Source data:

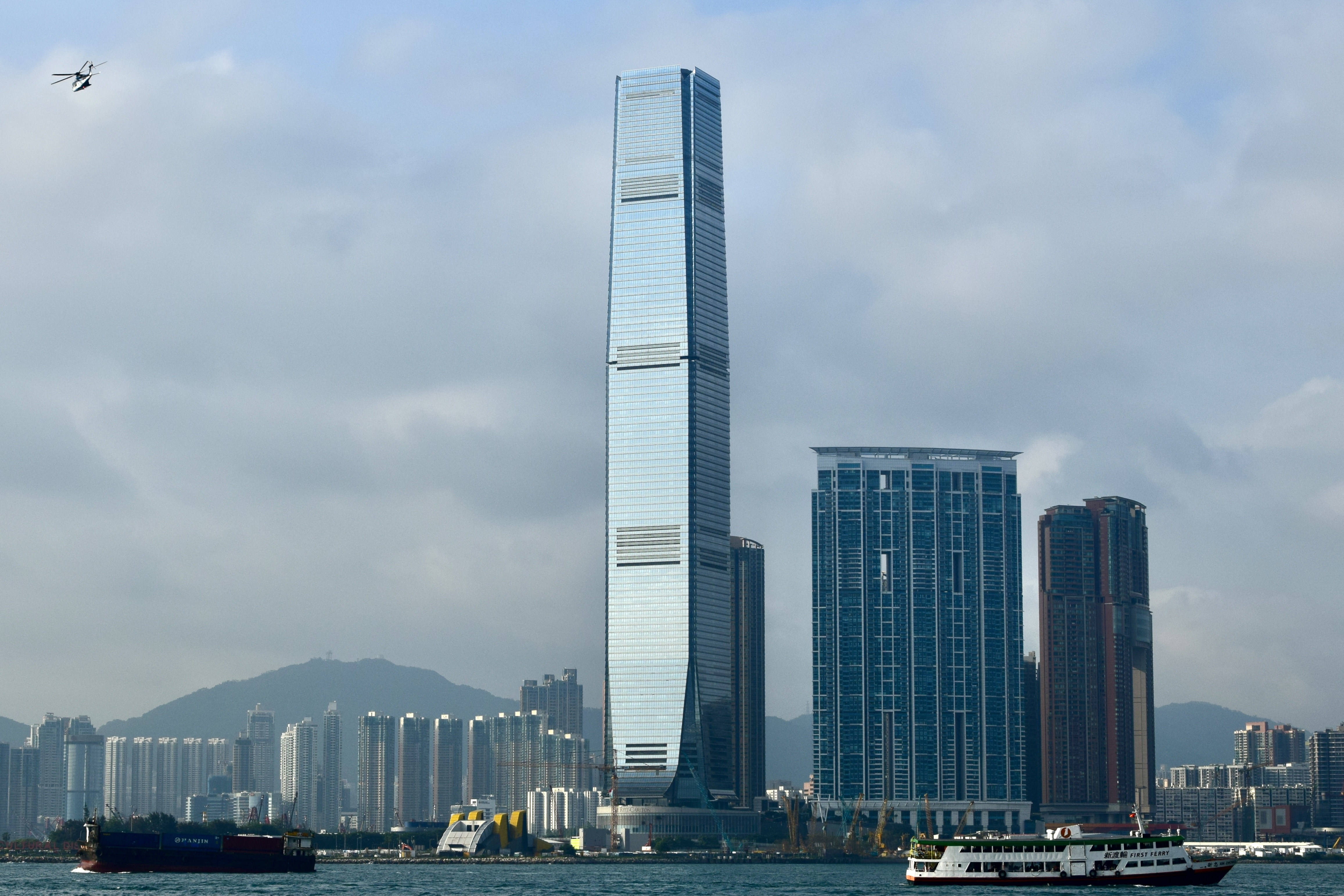 international_commerce_centre_skyscraper_in_west_kowloon_hong_kong_ank_kumar_07.jpg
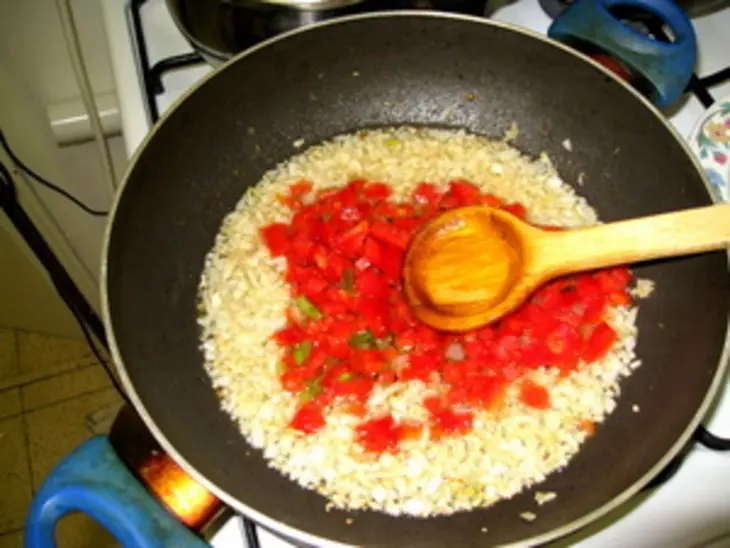 Баклажаны фаршированные овощами: шаг 3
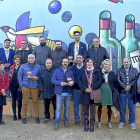 Foto de familia de autoridades, premiados y participantes en el concurso de pinchos de la Ruta de Cigales.-EL MUNDO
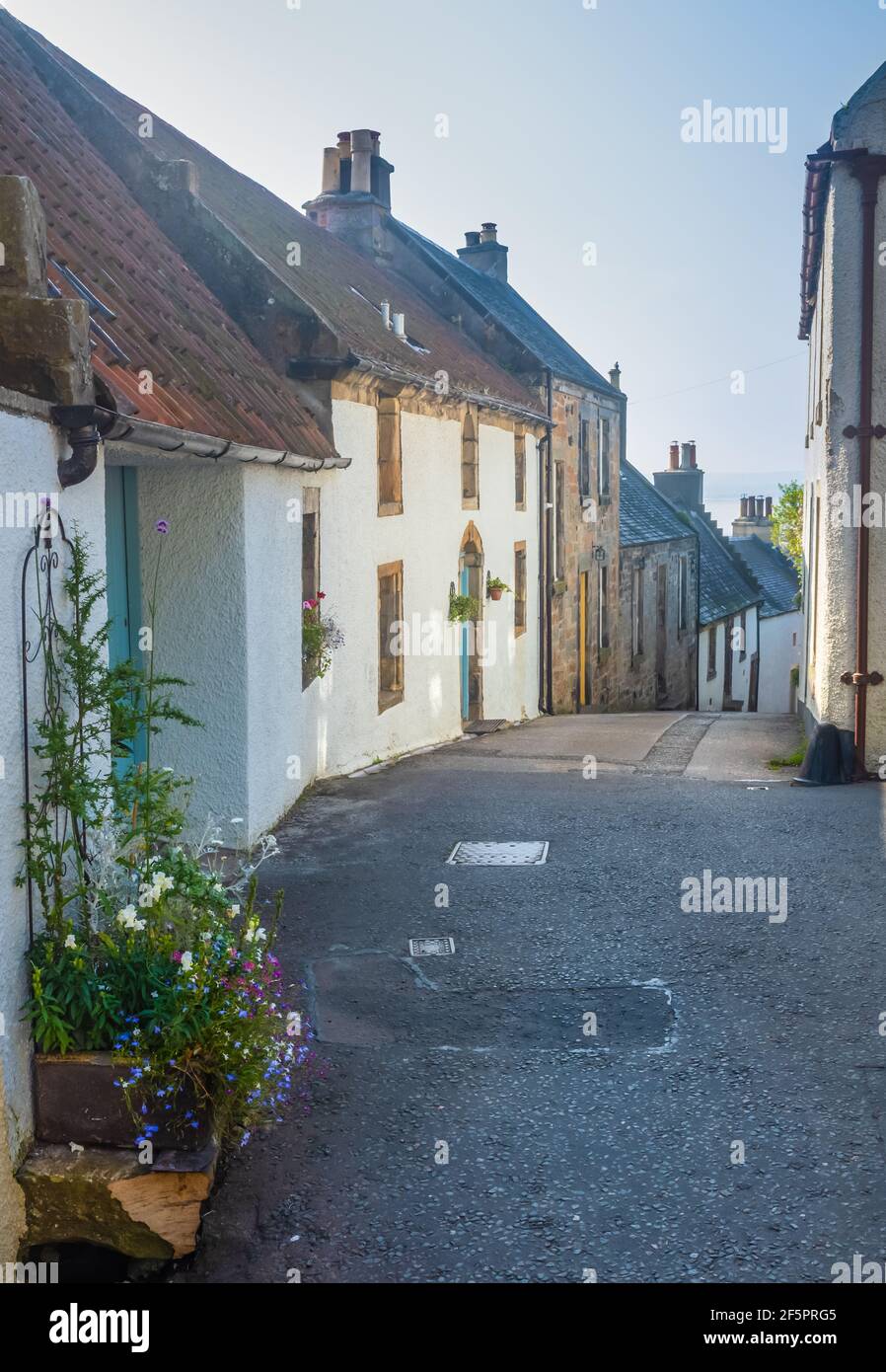 Malerische enge verwinkelte Straße von Reihenhäusern in EINEM kleinen Küstendorf In Schottland Stockfoto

To do: Beginning with the line in which "Foto de familia" appears, repeat exactly each line down to the close of the material, leaving every picture out.

The answer:
 Foto de familia de autoridades, premiados y participantes en el concurso de pinchos de la Ruta de Cigales.-EL MUNDO
 Malerische enge verwinkelte Straße von Reihenhäusern in EINEM kleinen Küstendorf In Schottland Stockfoto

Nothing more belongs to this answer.